ピロリ菌の検査ができるとして、医療機関以外でも検査キットが売られている例があります。ピロリ菌の検査では結果によって精密検査や治療を受けられるようにする必要があるため、医療機関で検査することをお勧めします。

ピロリ菌の検査が保険適用となるには条件があります。内視鏡検査で胃炎が診断されたなどが条件となります。検査は本来の順序と違った使いかたをすると結果の意味も変わってしまいます。また、ピロリ菌が見つかった場合に除菌をするには医療機関に行く必要があります。はじめから除菌ができる医療機関で検査しておいたほうが一貫したケアが受けられます。

繰り返しになりますが、検査前にあらかじめ、ピロリ菌が見つかったら除菌をするのかどうか、除菌によって何を期待するか、期待する結果が得られる証拠はあるかなどについて十分理解したうえで自分の意志を決めておいてください。わからない点があれば医師などの専門家と相談しておいたほうがいいでしょう。検査だけではなく結果が出てからの行動とあわせて考えることが大事です。

胃がんに対して内視鏡治療を行った人がピロリ菌の除菌を行うとその後の胃がんの再発率が低下する可能性があります。ある研究では除菌を行った人々の再発率は3.3%だったのに対して除菌しなかった人々の再発率は8.8%で、ピロリ菌を除菌する有効性が確認されました。一方でピロリ菌を除菌しても胃がんの再発率は抑制できなかったという報告もあります。すでにピロリ菌によって胃がんが発生しやすい状態になっている場合では除菌をしても効果が低いことなどが原因として考えられます。胃がんの内視鏡治療後にピロリ菌を除菌しても必ずしも胃がんが発生しないわけではないことには注意が必要です。治療後にも内視鏡で経過観察をしていくことが大事です。

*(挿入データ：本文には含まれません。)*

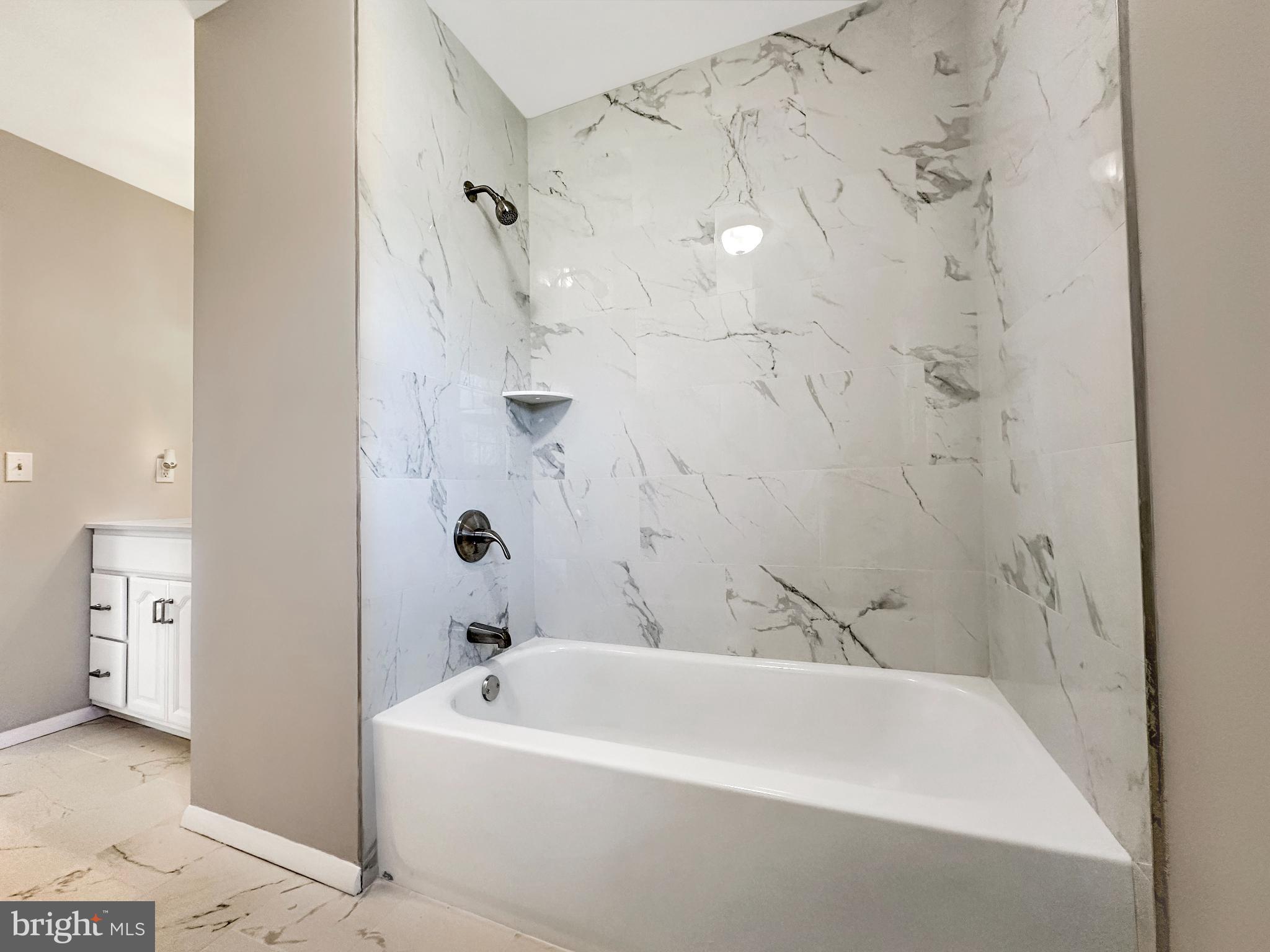 KENT ISLAND ESTATES - Residential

ほかの研究では胃がんがまだ発生していない人に対しても検討がなされました。症状はないもののピロリ菌に感染している人に対して除菌をすることで胃がんの発生を抑制することができるかを調べる研究が行われました。2年以上の観察期間でピロリ菌の除菌を行った人々から1.6%、行わなかった人々からは2.4%の人に胃がんが発生し、ピロリ菌の除菌によって胃がんが発生する危険性が抑制される可能性が確かめられました。

 

ピロリ菌は胃に感染すると慢性胃炎という状態を起こします。慢性胃炎の状態はやがて胃粘膜の萎縮や腸上皮化生を引き起こします。腸上皮化生の状態になると胃がんが発生する危険性が高くなります。ピロリ菌を除菌して胃の状態を改善することができれば胃がんを予防することができるかもしれませんが、すでに胃の状態が萎縮や腸上皮化生が進んでいると胃がんが発生することは有りうることです。つまりピロリ菌を除菌したからといって胃がんは完全には予防できません。

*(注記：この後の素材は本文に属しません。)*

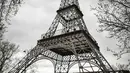 Karya tersebut dirakit di wilayah Vendée di Prancis barat dan dibawa ke ibu kota. (Photo by STEPHANE DE SAKUTIN / AFP)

状況によっては、ピロリ菌を除菌することで胃がんが発生する確率を下げられる可能性があります。ピロリ菌に感染することと胃がんには関係がありますが、同じではありません。除菌をしようかどうかを考えるときは、除菌によって何が期待できるかを医師に相談してみてください。

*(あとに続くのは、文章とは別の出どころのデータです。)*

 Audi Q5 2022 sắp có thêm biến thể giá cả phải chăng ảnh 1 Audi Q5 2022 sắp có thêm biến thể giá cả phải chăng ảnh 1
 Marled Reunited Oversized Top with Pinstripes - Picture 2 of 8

参照:BMJ. 2014;348:3174Lancet. 2008;372:392Gut.2013;62:1425-32Gastrointest Endosc.2012;75:39-46

ピロリ菌の除菌方法は飲み薬です。胃酸を減らす薬と2種類の抗菌薬抗生物質、抗生剤)を同時に使って除菌します。治療期間は7日間で、使う薬には効果の確認されているものがいくつかあります。

ピロリ菌の除菌には2種類の抗菌薬と胃酸分泌抑制薬が使われます。副作用として以下のものがあります。

  • 消化器症状:下痢、吐き気など 
  • 皮膚症状:発疹、かゆみなど 
  • 肝機能障害倦怠感、食欲不振、身体が黄色くなる(黄疸)など 

副作用以外にも、抗菌薬のなかでもメトロニダゾールは妊婦や授乳婦に対しては安全性が確立していないので注意が必要です。

ピロリ菌に感染していることが分かり除菌を行った後には除菌ができているかを判定します。除菌できたかどうかの判定は、治療終了から4週間後以降に行います。そこで除菌ができていなければ抗菌薬や胃酸分泌抑制薬を変更してもう一度除菌する方法があります。2次除菌といいます。2次除菌後も除菌が達成できないことがあり、さらに抗菌薬や胃酸分泌抑制薬を変更して繰り返すこともできます。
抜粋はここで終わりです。